All-digital phase-lock-loops (ADPLLs) are widely used in advanced CMOS technology. ADPLLs typically include high resolution time-to-digital converters (TDC) and LC-based digitally controlled oscillators (LC-DCO). Such configuration reduces area consumption and power dissipation in the ADPLL. The ADPLL also typically includes a digital loop filter, a reference clock accumulator, a variable clock accumulator and a feedback divider.
Compared to analog phase lock loops, an ADPLL with an LC-DCO exhibits lower phase noise with lower power consumption and lower frequency pushing (i.e., smaller output frequency variations due to supply voltage variation and/or noise). In addition, the LC-DCO is generally immune from process and temperature variations. The ADPLL with an LC-DCO, however, has a relatively smaller tuning range and occupies a relatively large space on the chip when compared to analog PLLs, for example.

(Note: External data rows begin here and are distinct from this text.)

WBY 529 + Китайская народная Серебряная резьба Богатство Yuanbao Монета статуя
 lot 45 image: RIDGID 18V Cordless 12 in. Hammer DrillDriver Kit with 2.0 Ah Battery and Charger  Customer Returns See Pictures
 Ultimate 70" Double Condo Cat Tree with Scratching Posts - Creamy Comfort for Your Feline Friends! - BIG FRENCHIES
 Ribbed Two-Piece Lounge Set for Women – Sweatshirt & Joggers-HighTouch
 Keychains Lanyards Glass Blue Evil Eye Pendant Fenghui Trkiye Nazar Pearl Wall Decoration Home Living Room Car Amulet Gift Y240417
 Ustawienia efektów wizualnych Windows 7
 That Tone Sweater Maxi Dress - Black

Magnetic coupling techniques can be used for increasing the tuning range without extra area consumption by an LC-DCO by decreasing the inductance of an inductor or transformer-based LC tank of the LC-DCO. Implementations with a single-turn and fixed switches, however, provide a limited tuning range extension. Additionally, such magnetic coupling techniques decrease the total quality factor of the LC tank of the LC DCO due to a switch resistor coupling effect.